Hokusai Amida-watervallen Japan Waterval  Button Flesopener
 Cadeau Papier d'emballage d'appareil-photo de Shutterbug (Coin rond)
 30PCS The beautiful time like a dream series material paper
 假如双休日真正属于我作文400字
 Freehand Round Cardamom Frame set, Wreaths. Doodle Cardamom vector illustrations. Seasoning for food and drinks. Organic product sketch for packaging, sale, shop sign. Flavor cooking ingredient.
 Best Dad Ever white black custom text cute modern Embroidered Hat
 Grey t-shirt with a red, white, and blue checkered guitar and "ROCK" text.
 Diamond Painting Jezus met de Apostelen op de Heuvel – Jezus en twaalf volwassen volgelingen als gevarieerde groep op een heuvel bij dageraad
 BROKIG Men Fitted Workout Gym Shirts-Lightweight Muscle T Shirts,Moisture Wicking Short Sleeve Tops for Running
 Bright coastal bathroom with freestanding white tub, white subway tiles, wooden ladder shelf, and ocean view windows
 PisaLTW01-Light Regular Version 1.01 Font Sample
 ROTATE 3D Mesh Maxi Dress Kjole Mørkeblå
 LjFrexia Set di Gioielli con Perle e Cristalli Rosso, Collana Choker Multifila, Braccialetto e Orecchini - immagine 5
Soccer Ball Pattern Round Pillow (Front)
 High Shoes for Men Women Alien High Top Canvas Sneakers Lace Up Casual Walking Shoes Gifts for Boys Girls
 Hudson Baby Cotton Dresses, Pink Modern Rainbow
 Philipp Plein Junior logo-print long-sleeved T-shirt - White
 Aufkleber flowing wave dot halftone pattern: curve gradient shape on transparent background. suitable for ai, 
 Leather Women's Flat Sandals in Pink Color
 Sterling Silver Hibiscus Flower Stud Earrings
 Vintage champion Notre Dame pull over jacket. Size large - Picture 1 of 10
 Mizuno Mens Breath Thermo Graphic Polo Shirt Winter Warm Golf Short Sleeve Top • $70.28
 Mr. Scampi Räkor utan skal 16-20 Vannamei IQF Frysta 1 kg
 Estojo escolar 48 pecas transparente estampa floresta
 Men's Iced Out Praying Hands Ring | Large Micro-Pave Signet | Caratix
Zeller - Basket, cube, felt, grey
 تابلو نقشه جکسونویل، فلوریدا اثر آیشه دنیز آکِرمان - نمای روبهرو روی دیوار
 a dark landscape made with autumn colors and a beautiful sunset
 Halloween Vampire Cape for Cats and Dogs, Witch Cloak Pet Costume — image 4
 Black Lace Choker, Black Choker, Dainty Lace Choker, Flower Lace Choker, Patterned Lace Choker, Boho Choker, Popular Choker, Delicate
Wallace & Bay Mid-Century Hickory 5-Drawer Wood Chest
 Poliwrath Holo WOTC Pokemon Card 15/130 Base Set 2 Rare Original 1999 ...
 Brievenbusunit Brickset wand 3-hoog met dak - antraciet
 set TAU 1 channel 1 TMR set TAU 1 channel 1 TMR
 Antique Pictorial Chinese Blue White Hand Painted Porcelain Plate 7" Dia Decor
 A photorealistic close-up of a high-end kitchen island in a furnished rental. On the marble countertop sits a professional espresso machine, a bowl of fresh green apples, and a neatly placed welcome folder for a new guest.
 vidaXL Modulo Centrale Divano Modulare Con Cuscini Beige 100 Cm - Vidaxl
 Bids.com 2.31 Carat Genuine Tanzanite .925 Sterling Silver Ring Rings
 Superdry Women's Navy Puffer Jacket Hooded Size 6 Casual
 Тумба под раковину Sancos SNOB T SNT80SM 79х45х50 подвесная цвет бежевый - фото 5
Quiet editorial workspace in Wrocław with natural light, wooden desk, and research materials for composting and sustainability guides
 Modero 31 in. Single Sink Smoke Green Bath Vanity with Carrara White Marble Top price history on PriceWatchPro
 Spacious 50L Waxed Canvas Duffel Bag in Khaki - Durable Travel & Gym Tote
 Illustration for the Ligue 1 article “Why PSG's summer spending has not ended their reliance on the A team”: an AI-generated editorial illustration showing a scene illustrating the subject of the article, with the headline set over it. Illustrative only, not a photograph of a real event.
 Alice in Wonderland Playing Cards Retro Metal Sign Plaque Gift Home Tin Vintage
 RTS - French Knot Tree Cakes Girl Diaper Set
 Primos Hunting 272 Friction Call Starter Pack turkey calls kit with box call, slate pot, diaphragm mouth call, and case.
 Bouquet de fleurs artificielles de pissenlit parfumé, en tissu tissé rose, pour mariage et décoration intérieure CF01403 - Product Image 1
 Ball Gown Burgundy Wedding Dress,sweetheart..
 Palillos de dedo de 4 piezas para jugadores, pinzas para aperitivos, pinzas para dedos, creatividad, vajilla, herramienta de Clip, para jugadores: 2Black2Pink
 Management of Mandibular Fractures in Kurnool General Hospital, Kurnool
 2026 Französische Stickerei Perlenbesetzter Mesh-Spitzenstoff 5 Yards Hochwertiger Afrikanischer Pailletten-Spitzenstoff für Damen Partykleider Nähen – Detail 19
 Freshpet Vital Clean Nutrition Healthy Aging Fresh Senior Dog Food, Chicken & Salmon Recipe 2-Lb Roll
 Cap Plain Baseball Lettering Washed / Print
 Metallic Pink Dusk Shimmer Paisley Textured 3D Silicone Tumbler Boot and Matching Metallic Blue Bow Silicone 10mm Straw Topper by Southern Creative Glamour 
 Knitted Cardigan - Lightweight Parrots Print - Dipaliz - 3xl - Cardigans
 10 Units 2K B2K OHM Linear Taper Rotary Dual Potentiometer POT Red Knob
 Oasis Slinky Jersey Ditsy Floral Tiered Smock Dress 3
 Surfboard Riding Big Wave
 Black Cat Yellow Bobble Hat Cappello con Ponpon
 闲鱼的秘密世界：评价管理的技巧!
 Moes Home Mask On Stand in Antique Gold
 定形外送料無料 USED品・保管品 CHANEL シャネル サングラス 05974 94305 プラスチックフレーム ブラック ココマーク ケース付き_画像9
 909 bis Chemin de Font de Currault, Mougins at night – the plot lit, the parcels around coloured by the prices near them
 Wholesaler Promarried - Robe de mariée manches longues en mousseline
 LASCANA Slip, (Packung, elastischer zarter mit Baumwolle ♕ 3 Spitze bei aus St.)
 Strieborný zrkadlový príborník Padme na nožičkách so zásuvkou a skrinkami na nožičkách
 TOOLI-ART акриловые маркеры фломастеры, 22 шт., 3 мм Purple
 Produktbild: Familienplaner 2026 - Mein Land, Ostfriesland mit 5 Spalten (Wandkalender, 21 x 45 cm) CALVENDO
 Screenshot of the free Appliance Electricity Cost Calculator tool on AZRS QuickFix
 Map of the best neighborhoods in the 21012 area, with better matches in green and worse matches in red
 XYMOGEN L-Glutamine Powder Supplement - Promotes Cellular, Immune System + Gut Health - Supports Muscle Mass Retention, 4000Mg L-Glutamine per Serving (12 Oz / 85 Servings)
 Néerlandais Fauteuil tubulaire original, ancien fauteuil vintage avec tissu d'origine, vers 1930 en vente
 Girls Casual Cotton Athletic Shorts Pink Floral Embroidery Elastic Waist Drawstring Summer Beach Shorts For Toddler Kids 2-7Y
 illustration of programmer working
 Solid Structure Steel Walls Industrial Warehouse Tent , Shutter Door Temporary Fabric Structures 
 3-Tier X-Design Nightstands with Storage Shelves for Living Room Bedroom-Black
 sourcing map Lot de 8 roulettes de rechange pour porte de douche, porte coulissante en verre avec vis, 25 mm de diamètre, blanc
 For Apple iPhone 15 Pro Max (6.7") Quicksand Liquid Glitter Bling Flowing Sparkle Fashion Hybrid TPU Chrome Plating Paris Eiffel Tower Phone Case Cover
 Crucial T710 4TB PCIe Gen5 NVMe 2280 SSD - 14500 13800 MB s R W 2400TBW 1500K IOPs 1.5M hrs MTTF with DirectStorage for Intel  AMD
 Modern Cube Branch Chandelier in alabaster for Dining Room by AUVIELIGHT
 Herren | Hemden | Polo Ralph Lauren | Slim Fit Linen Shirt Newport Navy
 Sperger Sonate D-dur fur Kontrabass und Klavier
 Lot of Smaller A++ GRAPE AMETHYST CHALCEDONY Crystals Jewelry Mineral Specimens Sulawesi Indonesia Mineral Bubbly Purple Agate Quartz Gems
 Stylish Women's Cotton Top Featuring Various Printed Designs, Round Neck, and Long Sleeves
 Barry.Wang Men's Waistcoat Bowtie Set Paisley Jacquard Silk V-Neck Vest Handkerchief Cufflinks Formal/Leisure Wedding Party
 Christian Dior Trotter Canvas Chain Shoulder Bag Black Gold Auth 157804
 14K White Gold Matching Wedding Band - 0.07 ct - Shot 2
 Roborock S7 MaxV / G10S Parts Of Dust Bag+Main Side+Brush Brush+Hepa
=-=-=-=-=
→ WHAT THE TASK REQUIRES:
Give again, word for word, every line of the listing above from the one with "Soccer Ball Pattern Round Pillow (Front)" to the one with "Sterling Silver Hibiscus", both inclusive, and nothing beyond them.

→ WRITTEN SOLUTION:
Soccer Ball Pattern Round Pillow (Front)
 High Shoes for Men Women Alien High Top Canvas Sneakers Lace Up Casual Walking Shoes Gifts for Boys Girls
 Hudson Baby Cotton Dresses, Pink Modern Rainbow
 Philipp Plein Junior logo-print long-sleeved T-shirt - White
 Aufkleber flowing wave dot halftone pattern: curve gradient shape on transparent background. suitable for ai, 
 Leather Women's Flat Sandals in Pink Color
 Sterling Silver Hibiscus Flower Stud Earrings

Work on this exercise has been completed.